The logarithmic scale on the x-axis is crucial here because GDP values span several orders of magnitude—from millions to trillions of pounds. Without it, smaller economies would be crammed into an unreadable cluster. Most smaller economies cluster toward the lower-left, while major economies like the US, China, and the UK sit at the upper-right, confirming the correlation visually.
Project Insights
After completing this analysis, several important insights emerged:
Strong but not perfect correlation: The 0.639 correlation confirms that larger economies generally attract more FDI, but it's far from a perfect relationship
Outliers reveal the story: Countries like Belgium, Switzerland, and Finland show negative FDI despite being wealthy nations. This suggests they're mature economies exporting capital rather than importing it
Small economies vary wildly: Nations with similar GDP levels show dramatically different FDI levels, indicating that factors beyond economic size matter—political stability, natural resources, business-friendly policies, and geographic location all play roles
The logarithmic pattern: When GDP is plotted logarithmically, we see that most small economies cluster in the lower-left, while economic giants like the US, China, and Germany occupy the upper-right
Challenges Faced
Like many real-world analyses, this project wasn’t without challenges:
1. Data Format Complexity
The World Bank's wide-format CSV files required careful reshaping. Getting the melt() function parameters right took several iterations, especially ensuring the year filtering worked correctly.

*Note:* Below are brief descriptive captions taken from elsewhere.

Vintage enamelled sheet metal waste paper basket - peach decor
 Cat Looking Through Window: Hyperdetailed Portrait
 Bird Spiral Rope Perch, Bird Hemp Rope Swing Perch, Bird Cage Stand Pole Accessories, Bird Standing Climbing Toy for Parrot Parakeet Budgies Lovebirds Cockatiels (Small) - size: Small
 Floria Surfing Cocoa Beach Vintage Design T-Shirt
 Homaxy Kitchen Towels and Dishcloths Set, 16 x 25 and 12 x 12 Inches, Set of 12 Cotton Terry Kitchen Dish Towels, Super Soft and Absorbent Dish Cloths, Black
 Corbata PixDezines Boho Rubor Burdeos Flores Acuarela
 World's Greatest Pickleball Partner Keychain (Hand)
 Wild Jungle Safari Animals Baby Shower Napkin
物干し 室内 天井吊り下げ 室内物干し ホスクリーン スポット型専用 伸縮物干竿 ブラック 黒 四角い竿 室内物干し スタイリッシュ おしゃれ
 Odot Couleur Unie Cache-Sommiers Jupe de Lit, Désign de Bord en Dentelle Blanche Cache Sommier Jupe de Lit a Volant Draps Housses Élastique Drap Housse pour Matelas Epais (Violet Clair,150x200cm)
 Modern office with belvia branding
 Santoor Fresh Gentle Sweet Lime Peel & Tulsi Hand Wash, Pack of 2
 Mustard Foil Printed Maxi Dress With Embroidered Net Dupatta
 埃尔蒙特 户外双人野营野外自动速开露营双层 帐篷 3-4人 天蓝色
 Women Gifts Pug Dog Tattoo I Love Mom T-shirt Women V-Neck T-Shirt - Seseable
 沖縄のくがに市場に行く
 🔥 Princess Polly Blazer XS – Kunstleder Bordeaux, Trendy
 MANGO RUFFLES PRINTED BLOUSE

2. Handling Negative Values
Negative FDI values initially seemed like data errors but turned out to be economically meaningful. This required research to understand that capital outflows are legitimate (if unusual) FDI measurements.
3. Country Name Inconsistencies
Removing aggregated countries(for example world, black carribean etc) was quite a hassle but I had to develop a list of all countries in the world and filter to it while carrying out the analysis
4. Scale Visualization
My first scatterplot was nearly unreadable because the linear scale compressed most data points. Switching to a logarithmic scale was essential for revealing the actual distribution.
Conclusion
This analysis confirms a statistically significant, positive relationship between Foreign Direct Investment and Gross Domestic Product in 2013. Countries with robust economies tend to attract greater FDI inflows, underscoring the cyclical link between national wealth and investor confidence.
However, the relationship isn’t absolute — smaller nations can outperform expectations through strategic policies, natural advantages, or openness to trade.
If you're interested in extending this analysis, consider:
Analyzing trends across multiple years rather than a single snapshot
Incorporating additional variables like political stability indices or ease-of-doing-business rankings
Investigating sector-specific FDI patterns
Data analysis isn't just about running statistical tests—it's about asking interesting questions, handling messy real-world data, and interpreting results in context. I hope this walkthrough inspires you to explore your own economic datasets and uncover the stories hidden within the numbers!